O fato é que contra quem têm aparecido provas, têm sido tomadas as providências
cabíveis”.
“Por que só ex-tesoureiros do PT estão presos?”,
perguntaram, então, os repórteres. E Moro respondeu: “Considerando os casos que
já foram julgados, há uma afirmação de que a vantagem indevida, a propina que
era paga nos contratos da Petrobrás, era dividida entre os agentes da estatal e
os agentes políticos que davam suporte à permanência daqueles agentes em seus
cargos. Nessa perspectiva, quando isso foi de fato comprovado, é natural que
apareçam nos processos exatamente aqueles agentes políticos que pertenciam à
base de sustentação do governo”.
Na entrevista, o juiz defendeu as dez medidas de
combate à corrupção apresentadas com 2 milhões de assinaturas de eleitores e o
apoio entusiástico do Ministério Público Federal. A reputação que ele
conquistou na sociedade não basta para tornar o projeto imune a críticas. Nem a
emendas, que cabe ao Congresso adotar ou não. É claro que o desempenho de sua
função, que permite a punição exemplar aos corruptos e justifica seu prestígio
na sociedade, lhe dá autoridade para defender tal posição, mas isso não basta
para que ela seja seguida, como ele gostaria, na possível lei que dela advier.
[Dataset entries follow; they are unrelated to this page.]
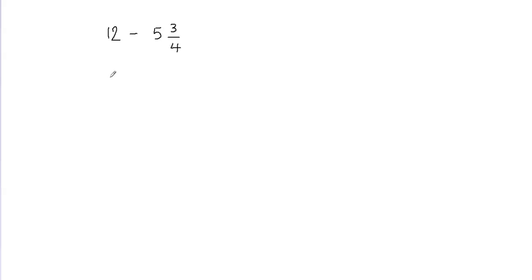Hi, in this video we'll learn how to subtract a mixed fraction from a whole number. In order to do that, I will need to convert this whole number into a fraction and also this mixed fraction into an improper fraction.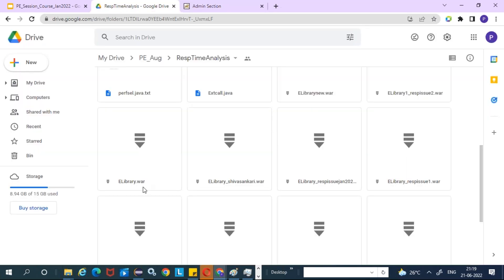You can download the WAR file, install it in Tomcat — I'll upload Tomcat to the drive as well. I'll tell you how to do all these things. There's a setup video where I explain how to install Java, install Tomcat, and deploy a WAR file. Once you register for the course, we'll provide access to the drive and those setup videos so you can configure everything on your machine.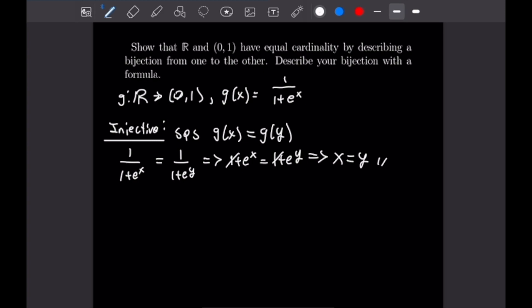That proves the function is injective. Now we want to prove surjectivity. For surjectivity we want to show that for every b in our codomain there is an a in our domain that we can plug into our function to map to that b — in other words, our function can map to all elements in our codomain. We start with some scratch work: suppose f(a) = b, solve for a, and use that value of a in our proof.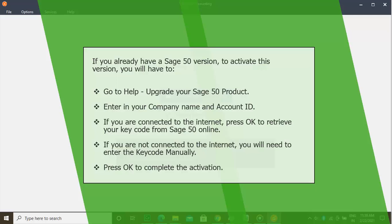After the installer has been re-registered, try to reinstall Sage50.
Da mesma forma, devem ser avaliadas suas posições
críticas contra a lei do abuso da autoridade, que, por ordem expressa do
presidente do Senado, Renan Calheiros, foi desengavetada no momento em que este
protagoniza 11 inquéritos no aguardo de decisão do Supremo Tribunal Federal
(STF). O parlamentar goza, como todos os seus pares, da prerrogativa de foro,
que Moro, com quem muitos juristas concordam e de quem muitos advogados
discordam neste caso, prefere ver limitado aos chefes dos Poderes.
O ministro do STF Gilmar Mendes, sempre disponível
para se pronunciar fora dos autos, chamou a sugestão do juiz de primeira
instância de “simplista” e disparou, sem dó: “Para todo problema complexo, toda
solução simples é geralmente errada”. Sua Excelência não pode ser acusado de
originalidade. A frase original é: “Para todo problema complexo existe sempre
uma solução simples, elegante e completamente errada”, da lavra do genial e
impiedoso jornalista, sátiro, crítico cultural, poeta e acadêmico americano
Henry Louis Mencken.
É do mesmo autor o aforismo que poderia servir de
epígrafe para este artigo, para a coluna de Gullar no último domingo e para a
entrevista de Moro resgatando a verdade dos fatos neste Brasil que virou
atualmente o reino das versões e das utopias complexas, deselegantes e
politicamente corretas: “Creio que é melhor dizer a verdade do que mentir,
saber do que ignorar, ser livre do que depender”. O ministro Mendes talvez
devesse incluí-la em seu estoque de frases feitas para pronto uso.